WHAT YOU HAVE TO DO: Beneath this line sits some data. Return only its lines from the one holding "A woman in a" through the one holding "Stivale Chelsea in", inclusive, exactly, with the images removed.

PROVIDED ENTRIES:
-- Opening Marker --

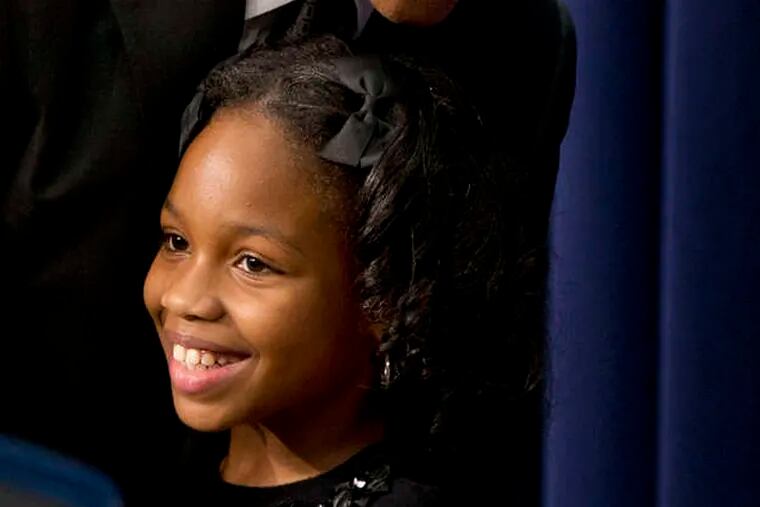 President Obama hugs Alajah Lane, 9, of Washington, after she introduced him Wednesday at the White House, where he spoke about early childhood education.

-- Closing Marker --
-- Opening Marker --

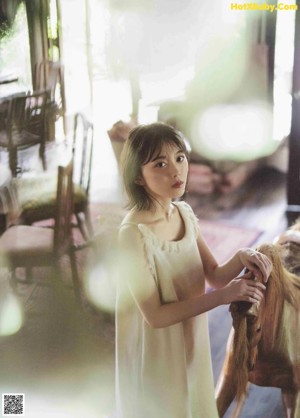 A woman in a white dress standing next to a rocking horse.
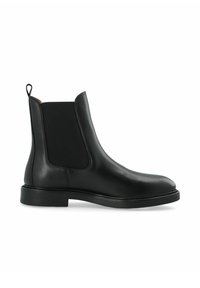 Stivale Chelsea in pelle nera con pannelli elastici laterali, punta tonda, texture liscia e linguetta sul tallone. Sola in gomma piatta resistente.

-- Closing Marker --

TASK RESULT:
 A woman in a white dress standing next to a rocking horse.
 Stivale Chelsea in pelle nera con pannelli elastici laterali, punta tonda, texture liscia e linguetta sul tallone. Sola in gomma piatta resistente.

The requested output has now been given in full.